The Administration shares the goal of adopting a performance-based organization (PBO) for the administration of the student aid programs. We understand that there may be amendments offered to S. 1882 that, if added to the bill, would address most of the Administration's concerns about personnel and procurement flexibility for the PBO.
In addition, the Office of Government Ethics has advised that the one-year cooling off post-employment restrictions in 18 U.S.C. 207(c) might not apply to the Chief Operating Officer and would not apply to the senior managers of the PBO under S. 1882 as currently drafted.
Advanced Placement Incentive Program
The Administration supports the reauthorization of the advanced placement incentive program, and would like to work with Congress to modify the program in order to encourage States to undertake activities, such as information dissemination, teacher training, and curriculum development, that would increase the participation of low-income students in advanced placement courses and exams.

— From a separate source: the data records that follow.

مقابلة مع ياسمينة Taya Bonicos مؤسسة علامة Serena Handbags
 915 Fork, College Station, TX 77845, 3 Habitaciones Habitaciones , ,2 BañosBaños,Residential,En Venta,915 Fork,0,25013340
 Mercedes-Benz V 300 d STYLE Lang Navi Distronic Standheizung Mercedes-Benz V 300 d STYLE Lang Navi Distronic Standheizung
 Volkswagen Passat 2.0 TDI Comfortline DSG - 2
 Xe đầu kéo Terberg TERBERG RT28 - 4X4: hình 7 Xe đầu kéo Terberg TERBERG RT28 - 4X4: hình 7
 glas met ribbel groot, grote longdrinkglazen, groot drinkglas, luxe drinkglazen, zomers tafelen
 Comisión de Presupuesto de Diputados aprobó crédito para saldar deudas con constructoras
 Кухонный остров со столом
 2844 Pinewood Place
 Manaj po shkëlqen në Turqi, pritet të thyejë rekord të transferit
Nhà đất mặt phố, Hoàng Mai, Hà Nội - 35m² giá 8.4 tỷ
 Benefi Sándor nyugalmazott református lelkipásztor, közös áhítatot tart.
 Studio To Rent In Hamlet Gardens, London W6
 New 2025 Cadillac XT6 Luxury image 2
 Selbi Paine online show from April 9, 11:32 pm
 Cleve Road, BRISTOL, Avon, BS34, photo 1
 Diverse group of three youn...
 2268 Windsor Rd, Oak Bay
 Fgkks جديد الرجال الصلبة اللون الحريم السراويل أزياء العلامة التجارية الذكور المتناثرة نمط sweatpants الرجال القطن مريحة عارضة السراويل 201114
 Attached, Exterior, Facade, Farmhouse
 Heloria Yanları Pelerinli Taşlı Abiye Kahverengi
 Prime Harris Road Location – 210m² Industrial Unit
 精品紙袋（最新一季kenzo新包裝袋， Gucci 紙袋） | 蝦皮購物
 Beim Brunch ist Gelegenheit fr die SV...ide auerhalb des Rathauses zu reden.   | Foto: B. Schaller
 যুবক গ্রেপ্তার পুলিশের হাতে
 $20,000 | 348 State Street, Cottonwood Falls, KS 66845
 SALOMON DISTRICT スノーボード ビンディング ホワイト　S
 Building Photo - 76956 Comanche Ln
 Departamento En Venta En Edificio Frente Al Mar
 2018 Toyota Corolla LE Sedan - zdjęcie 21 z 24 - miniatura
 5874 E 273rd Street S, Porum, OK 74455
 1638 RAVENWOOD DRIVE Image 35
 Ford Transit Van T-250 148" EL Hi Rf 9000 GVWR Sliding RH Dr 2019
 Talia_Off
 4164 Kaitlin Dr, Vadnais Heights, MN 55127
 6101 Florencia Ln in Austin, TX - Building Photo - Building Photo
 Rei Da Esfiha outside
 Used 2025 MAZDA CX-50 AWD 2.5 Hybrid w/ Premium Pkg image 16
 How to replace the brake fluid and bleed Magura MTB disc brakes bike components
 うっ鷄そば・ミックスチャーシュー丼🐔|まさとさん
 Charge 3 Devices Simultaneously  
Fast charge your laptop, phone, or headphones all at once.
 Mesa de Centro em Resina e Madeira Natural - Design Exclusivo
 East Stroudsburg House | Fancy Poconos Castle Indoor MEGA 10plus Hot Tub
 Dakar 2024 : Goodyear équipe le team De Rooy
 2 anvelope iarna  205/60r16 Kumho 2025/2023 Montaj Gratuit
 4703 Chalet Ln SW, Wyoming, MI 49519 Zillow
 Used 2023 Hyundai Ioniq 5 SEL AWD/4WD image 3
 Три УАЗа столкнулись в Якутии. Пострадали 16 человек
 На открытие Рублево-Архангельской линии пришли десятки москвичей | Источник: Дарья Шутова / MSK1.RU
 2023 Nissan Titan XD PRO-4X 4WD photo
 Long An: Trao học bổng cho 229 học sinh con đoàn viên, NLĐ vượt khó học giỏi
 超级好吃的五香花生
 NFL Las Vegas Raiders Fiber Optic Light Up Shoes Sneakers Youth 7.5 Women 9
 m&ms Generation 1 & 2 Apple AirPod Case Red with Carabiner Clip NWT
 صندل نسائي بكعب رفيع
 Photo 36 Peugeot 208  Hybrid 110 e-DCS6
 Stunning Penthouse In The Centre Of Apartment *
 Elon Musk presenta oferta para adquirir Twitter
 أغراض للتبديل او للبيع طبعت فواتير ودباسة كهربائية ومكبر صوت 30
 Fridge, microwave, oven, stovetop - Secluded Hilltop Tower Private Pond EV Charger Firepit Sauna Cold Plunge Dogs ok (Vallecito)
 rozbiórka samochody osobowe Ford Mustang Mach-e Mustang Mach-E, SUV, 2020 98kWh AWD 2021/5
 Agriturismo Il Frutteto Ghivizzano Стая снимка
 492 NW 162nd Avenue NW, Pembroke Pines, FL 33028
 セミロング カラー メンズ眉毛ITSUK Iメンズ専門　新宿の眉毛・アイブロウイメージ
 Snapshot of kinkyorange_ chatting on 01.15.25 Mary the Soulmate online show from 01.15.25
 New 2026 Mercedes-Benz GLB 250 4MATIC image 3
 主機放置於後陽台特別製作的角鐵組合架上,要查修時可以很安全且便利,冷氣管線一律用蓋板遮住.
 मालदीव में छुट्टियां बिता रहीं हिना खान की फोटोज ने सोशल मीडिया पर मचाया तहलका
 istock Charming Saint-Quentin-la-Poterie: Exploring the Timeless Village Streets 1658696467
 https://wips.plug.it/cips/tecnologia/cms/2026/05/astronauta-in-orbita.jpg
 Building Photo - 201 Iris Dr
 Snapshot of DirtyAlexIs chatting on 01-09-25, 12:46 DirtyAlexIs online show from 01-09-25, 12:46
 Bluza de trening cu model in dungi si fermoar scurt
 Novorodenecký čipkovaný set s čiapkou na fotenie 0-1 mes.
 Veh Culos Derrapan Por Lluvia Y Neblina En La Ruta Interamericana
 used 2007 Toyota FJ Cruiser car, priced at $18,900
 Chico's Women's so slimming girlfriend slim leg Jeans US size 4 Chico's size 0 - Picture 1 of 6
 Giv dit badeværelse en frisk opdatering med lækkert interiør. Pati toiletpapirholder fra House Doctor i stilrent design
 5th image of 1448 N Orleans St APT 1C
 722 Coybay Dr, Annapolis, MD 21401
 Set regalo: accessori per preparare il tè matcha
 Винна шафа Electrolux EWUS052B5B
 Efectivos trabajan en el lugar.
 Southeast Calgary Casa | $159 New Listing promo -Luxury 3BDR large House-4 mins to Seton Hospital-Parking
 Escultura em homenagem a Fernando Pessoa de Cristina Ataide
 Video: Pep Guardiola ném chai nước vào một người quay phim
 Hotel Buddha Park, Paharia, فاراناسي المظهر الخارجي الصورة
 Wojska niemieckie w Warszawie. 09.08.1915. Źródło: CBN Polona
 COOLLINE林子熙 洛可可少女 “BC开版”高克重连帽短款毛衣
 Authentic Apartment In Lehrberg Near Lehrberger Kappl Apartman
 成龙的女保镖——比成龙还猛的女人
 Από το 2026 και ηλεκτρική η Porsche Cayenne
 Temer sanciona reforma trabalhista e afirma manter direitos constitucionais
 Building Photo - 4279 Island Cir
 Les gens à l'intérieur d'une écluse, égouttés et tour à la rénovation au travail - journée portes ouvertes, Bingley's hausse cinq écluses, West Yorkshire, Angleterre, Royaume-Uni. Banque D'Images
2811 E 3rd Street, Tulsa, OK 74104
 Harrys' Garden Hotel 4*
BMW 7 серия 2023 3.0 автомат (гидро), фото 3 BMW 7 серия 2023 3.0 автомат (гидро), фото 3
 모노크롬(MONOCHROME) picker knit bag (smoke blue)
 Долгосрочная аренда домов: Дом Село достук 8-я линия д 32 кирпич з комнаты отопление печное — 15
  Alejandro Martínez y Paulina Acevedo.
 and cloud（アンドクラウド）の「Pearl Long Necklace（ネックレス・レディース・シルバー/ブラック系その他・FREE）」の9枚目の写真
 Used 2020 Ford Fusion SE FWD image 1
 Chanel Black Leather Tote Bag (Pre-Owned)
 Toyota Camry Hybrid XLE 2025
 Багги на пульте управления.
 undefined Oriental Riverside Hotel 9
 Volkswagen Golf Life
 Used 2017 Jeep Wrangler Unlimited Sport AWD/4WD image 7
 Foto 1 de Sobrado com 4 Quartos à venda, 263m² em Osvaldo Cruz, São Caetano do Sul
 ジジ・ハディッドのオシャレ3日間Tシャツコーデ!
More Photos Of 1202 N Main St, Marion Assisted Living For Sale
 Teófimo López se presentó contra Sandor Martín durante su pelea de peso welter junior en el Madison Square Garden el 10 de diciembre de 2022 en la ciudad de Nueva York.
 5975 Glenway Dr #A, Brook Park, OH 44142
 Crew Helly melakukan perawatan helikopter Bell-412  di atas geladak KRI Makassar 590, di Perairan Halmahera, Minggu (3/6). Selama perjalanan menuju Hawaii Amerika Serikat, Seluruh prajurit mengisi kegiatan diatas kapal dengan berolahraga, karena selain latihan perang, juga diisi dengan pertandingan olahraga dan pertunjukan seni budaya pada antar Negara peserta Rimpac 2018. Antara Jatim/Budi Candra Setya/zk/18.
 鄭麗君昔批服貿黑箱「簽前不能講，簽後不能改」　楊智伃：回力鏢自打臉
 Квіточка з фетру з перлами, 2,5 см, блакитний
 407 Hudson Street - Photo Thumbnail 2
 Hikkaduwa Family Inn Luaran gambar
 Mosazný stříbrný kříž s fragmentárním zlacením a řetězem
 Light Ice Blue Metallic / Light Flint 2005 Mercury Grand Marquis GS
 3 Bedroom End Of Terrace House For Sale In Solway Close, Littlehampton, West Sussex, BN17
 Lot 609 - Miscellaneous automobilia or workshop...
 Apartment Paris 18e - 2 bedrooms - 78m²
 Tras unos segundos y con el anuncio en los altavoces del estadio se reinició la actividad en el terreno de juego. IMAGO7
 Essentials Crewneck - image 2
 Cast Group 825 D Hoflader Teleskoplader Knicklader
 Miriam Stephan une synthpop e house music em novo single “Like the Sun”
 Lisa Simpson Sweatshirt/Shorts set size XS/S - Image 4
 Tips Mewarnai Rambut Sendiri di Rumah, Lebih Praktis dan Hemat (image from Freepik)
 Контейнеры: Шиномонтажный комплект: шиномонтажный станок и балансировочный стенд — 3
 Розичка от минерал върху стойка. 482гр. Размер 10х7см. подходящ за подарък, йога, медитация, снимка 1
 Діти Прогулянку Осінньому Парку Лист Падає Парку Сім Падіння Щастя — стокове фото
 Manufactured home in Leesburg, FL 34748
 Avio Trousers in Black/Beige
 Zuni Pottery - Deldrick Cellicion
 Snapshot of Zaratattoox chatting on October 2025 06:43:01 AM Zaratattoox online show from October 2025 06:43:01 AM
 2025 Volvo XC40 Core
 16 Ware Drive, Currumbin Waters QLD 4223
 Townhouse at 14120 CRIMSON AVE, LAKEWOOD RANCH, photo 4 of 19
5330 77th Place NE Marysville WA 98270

Education of the Deaf Amendments of 1998
Finally, we are concerned with certain aspects of S. 1882's reauthorization of the Education of the Deaf Act, such as the change to the Federal endowment program provisions that would eliminate the requirement for each institution to reinvest 50 percent of its endowment income. This change would mean that no funds would have to be reinvested. One of the primary purposes of the Endowment Grant program is to create permanent, and increasing, sources of funds for enrichment activities and special projects. This purpose is compromised if there is no requirement for the funds to grow.